That’s why I’m scared about the future. Soon, I will be thrown into a different world. A world where I’m not in control at all, where I have nothing familiar to cling in desperation on to. A place of strangeness, an alien landscape dwarfing me with its size. The unbreakable daily routine, this monotonous, exhausting, unproductive existence is bad enough but... But I don’t want to leave. I don’t want to let go. Here, I will have no one to reminisce with, no one to talk to. No one who even remotely understands. No one who understands.
There are people, people so much better than me who don’t share their thoughts with me. I want a piece of their lives; I want to exist in them. I want to share - to understand them. I want their emotions, their feelings, their experiences. I want to be part of their experiences. Talking to someone I trust, to someone who will talk back. People discount me without knowing me. But I won’t discount them - I yearn for emotion. For something to make me alive - to keep me alive.
So many people, such fabulous people. And I don’t even know them. I don’t know them at all. I have been at school with them, five days a week for four years and yet I don’t know them well enough. I only have one year to go - time is sparse. Life is short. The best years are already over. Things just get worse. And worse. And worse.
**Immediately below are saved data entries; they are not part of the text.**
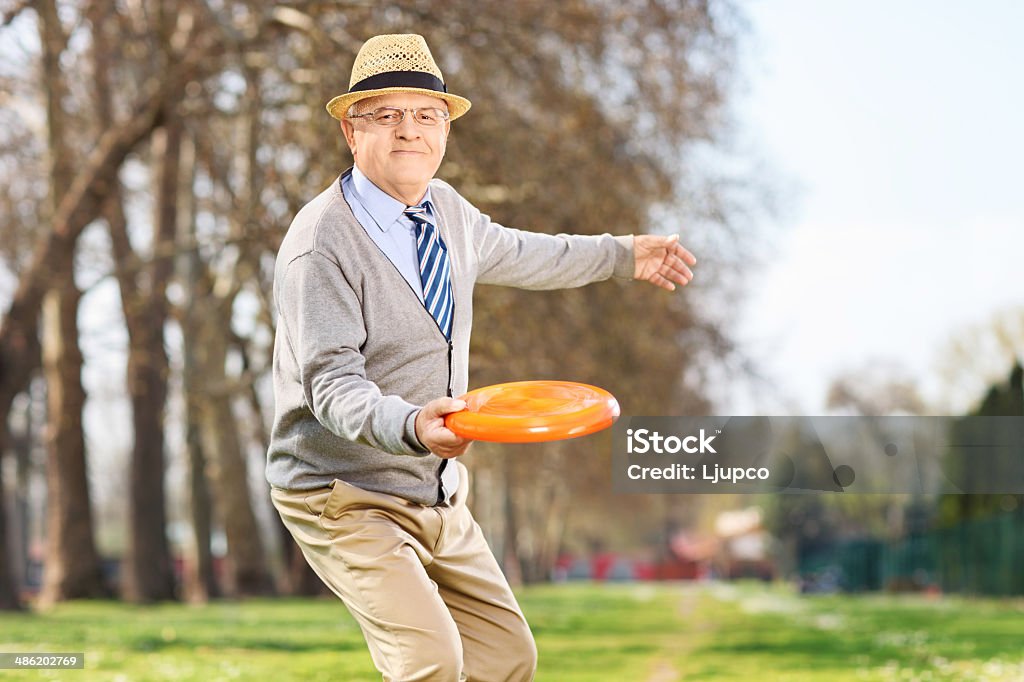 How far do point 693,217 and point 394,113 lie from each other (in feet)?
49.7

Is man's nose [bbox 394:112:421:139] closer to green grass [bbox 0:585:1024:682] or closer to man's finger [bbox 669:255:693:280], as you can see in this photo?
man's finger [bbox 669:255:693:280]

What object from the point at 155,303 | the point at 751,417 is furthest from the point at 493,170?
the point at 155,303

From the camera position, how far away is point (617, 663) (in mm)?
11727

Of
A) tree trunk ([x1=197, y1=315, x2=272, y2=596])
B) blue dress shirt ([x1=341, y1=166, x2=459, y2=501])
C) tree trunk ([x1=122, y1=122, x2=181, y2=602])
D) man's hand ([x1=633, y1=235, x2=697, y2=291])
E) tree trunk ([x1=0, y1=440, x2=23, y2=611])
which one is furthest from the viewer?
tree trunk ([x1=197, y1=315, x2=272, y2=596])

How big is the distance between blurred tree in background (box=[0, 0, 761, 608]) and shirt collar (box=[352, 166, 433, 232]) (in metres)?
8.20

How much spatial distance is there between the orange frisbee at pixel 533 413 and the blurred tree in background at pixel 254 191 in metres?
8.63

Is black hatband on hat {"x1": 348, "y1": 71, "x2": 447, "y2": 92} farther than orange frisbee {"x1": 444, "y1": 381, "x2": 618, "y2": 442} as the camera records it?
Yes

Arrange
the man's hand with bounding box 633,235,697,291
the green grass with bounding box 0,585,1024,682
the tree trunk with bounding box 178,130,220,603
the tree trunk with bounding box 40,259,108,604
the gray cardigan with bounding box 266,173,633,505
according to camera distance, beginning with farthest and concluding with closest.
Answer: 1. the tree trunk with bounding box 40,259,108,604
2. the tree trunk with bounding box 178,130,220,603
3. the green grass with bounding box 0,585,1024,682
4. the man's hand with bounding box 633,235,697,291
5. the gray cardigan with bounding box 266,173,633,505

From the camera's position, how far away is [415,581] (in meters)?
3.95

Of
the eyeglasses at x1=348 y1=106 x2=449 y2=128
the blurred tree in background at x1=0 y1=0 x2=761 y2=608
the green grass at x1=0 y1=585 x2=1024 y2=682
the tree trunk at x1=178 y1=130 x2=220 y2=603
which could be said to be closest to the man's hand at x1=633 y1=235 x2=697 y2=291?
the eyeglasses at x1=348 y1=106 x2=449 y2=128

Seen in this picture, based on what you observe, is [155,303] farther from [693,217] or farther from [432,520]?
[432,520]

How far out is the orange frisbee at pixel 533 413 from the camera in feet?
11.5

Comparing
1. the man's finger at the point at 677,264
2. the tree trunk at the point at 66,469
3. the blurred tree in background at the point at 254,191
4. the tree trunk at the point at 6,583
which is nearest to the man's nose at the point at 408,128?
the man's finger at the point at 677,264

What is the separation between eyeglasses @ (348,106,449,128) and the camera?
13.7 ft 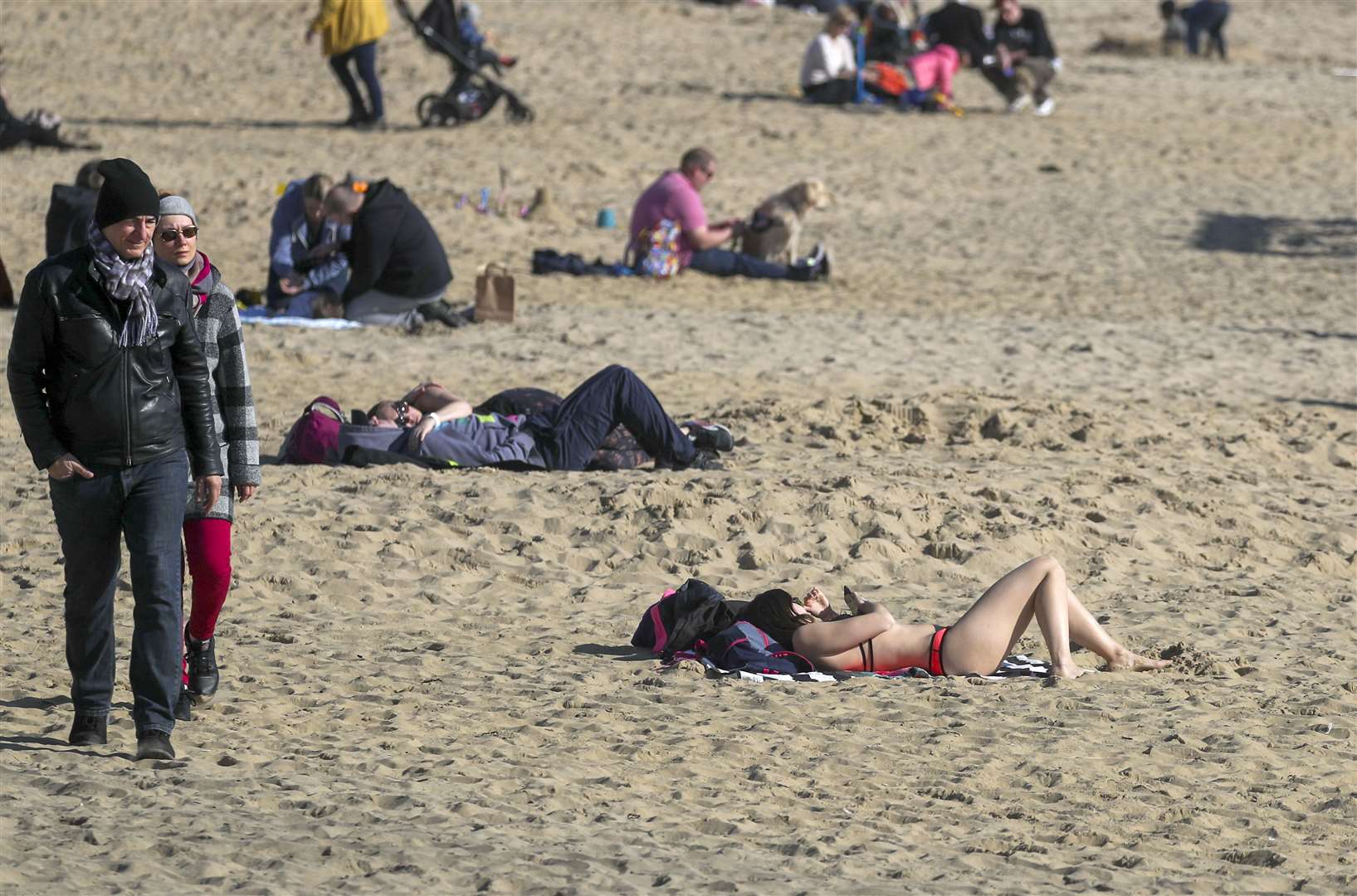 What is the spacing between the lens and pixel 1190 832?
486 cm

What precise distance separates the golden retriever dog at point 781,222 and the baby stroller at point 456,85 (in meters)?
5.30

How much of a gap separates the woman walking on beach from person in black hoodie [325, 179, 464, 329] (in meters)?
6.23

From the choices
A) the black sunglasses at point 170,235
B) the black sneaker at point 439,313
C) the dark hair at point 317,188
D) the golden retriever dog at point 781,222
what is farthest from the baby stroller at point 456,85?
the black sunglasses at point 170,235

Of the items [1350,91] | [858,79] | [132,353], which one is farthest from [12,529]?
[1350,91]

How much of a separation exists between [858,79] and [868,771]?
52.5 feet

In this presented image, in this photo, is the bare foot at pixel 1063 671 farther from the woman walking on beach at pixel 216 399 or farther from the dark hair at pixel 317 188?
the dark hair at pixel 317 188

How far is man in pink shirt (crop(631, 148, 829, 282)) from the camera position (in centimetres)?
1362

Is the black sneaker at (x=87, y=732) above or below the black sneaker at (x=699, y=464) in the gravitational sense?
below

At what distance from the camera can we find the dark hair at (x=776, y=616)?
20.6 feet

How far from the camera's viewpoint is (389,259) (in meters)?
11.9

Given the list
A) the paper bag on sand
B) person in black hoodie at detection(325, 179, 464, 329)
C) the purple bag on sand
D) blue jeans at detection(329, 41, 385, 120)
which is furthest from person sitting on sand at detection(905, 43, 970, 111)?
the purple bag on sand

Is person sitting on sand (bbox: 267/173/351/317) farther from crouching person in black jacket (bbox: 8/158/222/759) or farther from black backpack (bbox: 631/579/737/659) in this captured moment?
crouching person in black jacket (bbox: 8/158/222/759)

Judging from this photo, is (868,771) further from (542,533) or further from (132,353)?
(542,533)

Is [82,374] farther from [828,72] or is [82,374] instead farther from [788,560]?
[828,72] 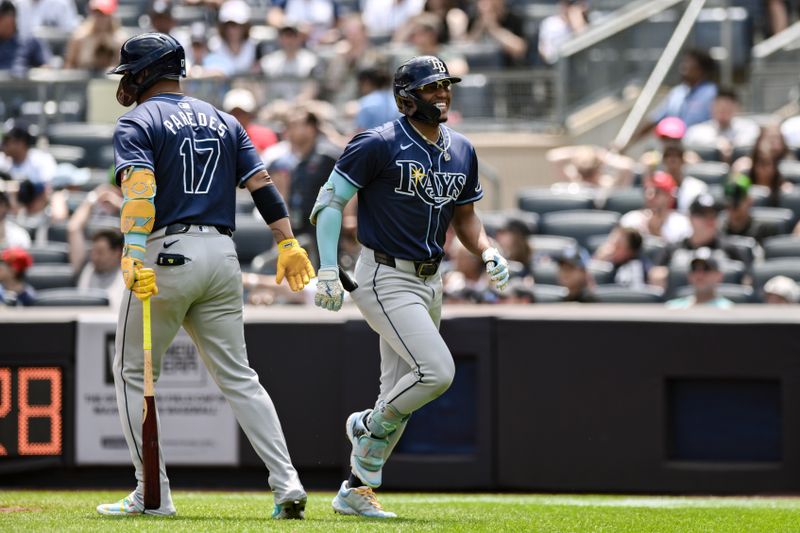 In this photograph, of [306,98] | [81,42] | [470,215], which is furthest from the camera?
[81,42]

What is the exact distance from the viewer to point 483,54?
47.8 feet

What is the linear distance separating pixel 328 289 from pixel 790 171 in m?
7.34

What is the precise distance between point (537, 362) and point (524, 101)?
5803mm

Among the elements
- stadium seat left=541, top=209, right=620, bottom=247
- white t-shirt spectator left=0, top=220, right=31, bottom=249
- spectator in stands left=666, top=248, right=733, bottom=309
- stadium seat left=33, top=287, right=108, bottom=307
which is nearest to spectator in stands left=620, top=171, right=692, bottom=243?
stadium seat left=541, top=209, right=620, bottom=247

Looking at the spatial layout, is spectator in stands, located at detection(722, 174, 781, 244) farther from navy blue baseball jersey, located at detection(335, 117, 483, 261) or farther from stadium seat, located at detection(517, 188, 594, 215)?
navy blue baseball jersey, located at detection(335, 117, 483, 261)

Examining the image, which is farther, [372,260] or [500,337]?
[500,337]

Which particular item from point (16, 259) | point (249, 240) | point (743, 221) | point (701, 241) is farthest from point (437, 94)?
point (743, 221)

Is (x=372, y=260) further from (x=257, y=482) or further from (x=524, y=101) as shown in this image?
(x=524, y=101)

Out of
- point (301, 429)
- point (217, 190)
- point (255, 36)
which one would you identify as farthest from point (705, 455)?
point (255, 36)

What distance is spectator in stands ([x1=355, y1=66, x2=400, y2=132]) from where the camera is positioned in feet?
41.2

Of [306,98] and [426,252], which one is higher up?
[306,98]

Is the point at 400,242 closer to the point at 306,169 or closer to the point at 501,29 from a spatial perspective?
the point at 306,169

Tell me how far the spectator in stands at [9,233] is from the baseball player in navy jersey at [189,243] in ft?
18.0

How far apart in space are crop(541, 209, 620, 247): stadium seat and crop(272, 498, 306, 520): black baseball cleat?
6.13 metres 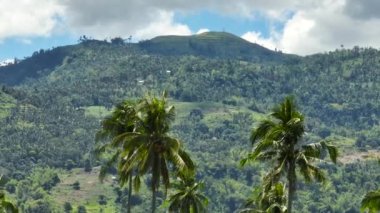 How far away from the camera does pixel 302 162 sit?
5597 cm

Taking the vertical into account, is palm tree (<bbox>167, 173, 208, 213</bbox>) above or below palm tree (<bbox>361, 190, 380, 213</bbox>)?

I turn out the lights. I sit, alone. Alone. In the dark I can think, I can be myself. I lie down and think and ponder and consider. And I get so depressed and want to reach out and touch. Touch people - to talk like we’ve been friends forever. I want to keep contact with everyone. Everyone has a part of them inside me - I want to be in them. I remember, think back with them and talk. Talk and talk about times gone by. Past events that we can share and remember. But, more and more, these events are only remembered in me. By me. And still I forget more day by day. I want there to be someone to remind me. And I’ll remind them.
Even now the music plays on. It haunts my thoughts and they feed on it. The sound echoes, my thoughts repeated and embellished.
Understanding, thoughtfulness, kindness, patience. Qualities girls posses more than guys. I’m fed up of being on the brink. To know someone, but not know them enough. For them not to know me. I want to know, to understand everyone. Everyone has something great to offer - I want a part of it. I want to spend more time with people I know, to spread my horizons and heighten my friendships. I have little time left - I should go out more at weekends. But I still feel I’m missing out. Missing out on people, fabulous people I want to know better. But who won’t know me.
I wish I were small again. I wish I could relive those great moments again and again and again. I hope I remember the fun times I’ve had - I hope someone will remind me.
I lie, and think. And lie, and think. And imagine, and remember. And remember and remember and remember. And cry. Then, I begin to wither away. I slowly disintegrate - undernourished. I have forgotten. I haven’t been fed. Pain is unfelt. The futility of life is evident.
And still, the machine looks on, me a speck on its display. Disregard. It continues on, ignorant of me, my small insignificance not producing a reaction. Meanwhile, outside, the rain batters down. The lightning strikes one, two, three, four, five, six seconds before the thunder. I look out of my soaked window. Through the blurred, rain-soaked glass I stare - looking through the falling drops. Looking out, far out. I see through the objects, see through everything until I see nothing. I just see - an observer.
I long to be out there. In the wet rain.